To identify policy abuse, merchants have to put in significant time and effort to review returns claims. However, new research says most are doing it the wrong way, with manual workflows that slow the process, consume resources, and let fraud slip through the cracks.
World Business Research (WBR) took a closer look at this situation in Policy Abuse and Its Impact on Merchants, an in-depth study of the current state of fraud among ecommerce merchants. The survey of more than 300 global merchants revealed the stark reality: many retailers simply don’t have the right automation in place to protect themselves from costly fraud. And the automation problem starts with a data problem.
Manual Reviews Are Still the Norm — and That’s a Problem
The research reveals a clear operational bottleneck hindering merchants’ abilities to stop returns fraud.
Most merchants in the study claimed they still rely on manual reviews to process a majority of their refund and return claims, a time-consuming and error-prone process. Some said they rely entirely on manual reviews. As a result, most say it takes three days or more to process claims, with some taking longer than a week. This shows how slow policy abuse fraud can be, as well as how long customers may wait to receive a refund. The result? Retailers with automated fraud management solutions will have a competitive advantage.

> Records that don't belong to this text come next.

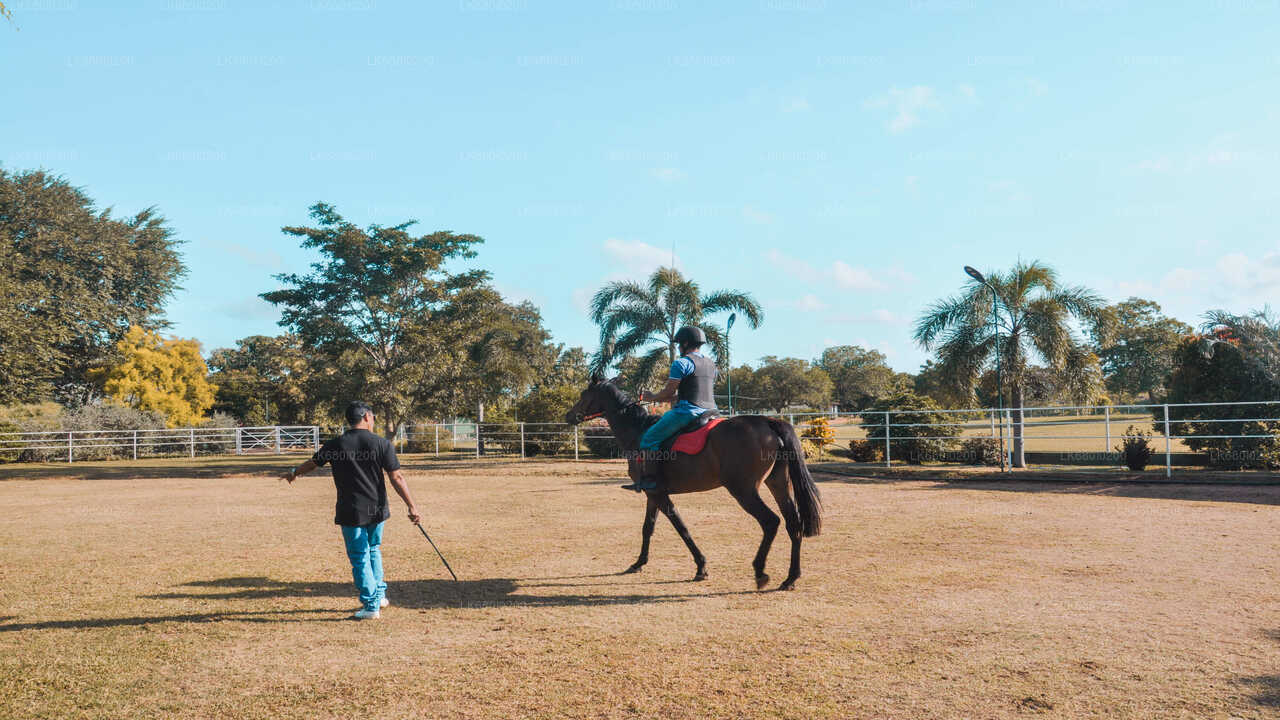 Horse Riding for Professionals from Dambulla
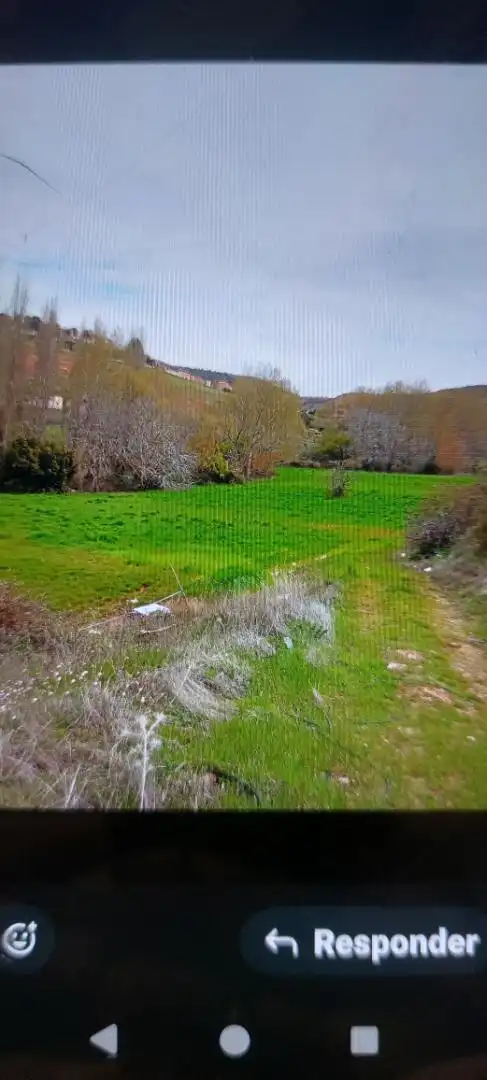 Country homes for sale in Alcaraz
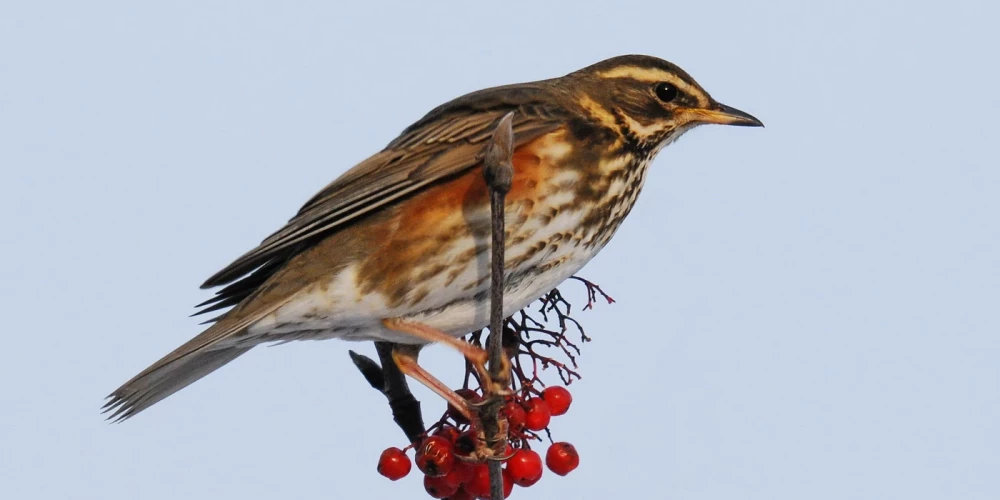Latvijas ligzdojošo putnu populācijas samazinājusies 19 putnu sugām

Bringing automation, including machine learning, into the returns process enables merchants to identify fraudulent activity faster, improve the customer experience, and redirect staff to more strategic activities like data analysis and generating new business insights.
The Automation Gap: Merchants Without Automation Can’t Collect the Returns Abuse Data They Need
According to the study, most merchants aren’t satisfied with their ability to collect data and act on returns abuse. Data is the most important tool at merchants’ disposal to identify return fraud. Without automation, merchants miss out on the insights they need to take quick action against policy abusers.
Data can reveal patterns, trends, and the overall scope of the problem to guide anti-policy abuse strategies. Data also fuels the machine learning tools required to fully and efficiently enforce returns policies. Data points such as the customer’s purchase history, the items in question, and payment details can help merchants identify abnormal patterns and problematic customers.
For example, if a customer returns an item with signs of wear and tear that don’t match the claim they are making about the return, that could be a red flag for “wardrobing” or another type of policy abuse. If merchants have the right data tools in place, they can collect and analyze information quickly and make informed decisions about the return before the refund is out the door.
Most Merchants Lack Automated Fraud Prevention — They Want AI
Merchants need automation tools to identify fraud quickly and process returns faster. Yet the research shows that most merchants don’t have automated systems to identify and address policy fraud and abuse, which is remarkable considering the widespread use of automation in other areas of ecommerce.
Automated returns management solutions use machine learning to quickly analyze customer and transaction data to assess the likelihood that a return claim is fraudulent or noncompliant with merchant policy. Automation can also identify fraudulent chargebacks, automatically resolve customer disputes based on available data, and reveal the identities of fraudsters based on previous behaviors — all with more speed and accuracy than manual processes allow.
Not surprising, survey respondents indicated that AI and better data intelligence will be key to reducing abuse. Many said they need to free up resources to analyze their policies and identify the loopholes customers are using to perpetrate it. Most merchants without an automated system for fraud detection said they were interested in implementing one in the next two years.
With the costs of ecommerce fraud rising and fraudsters becoming more sophisticated, there’s really no time to lose.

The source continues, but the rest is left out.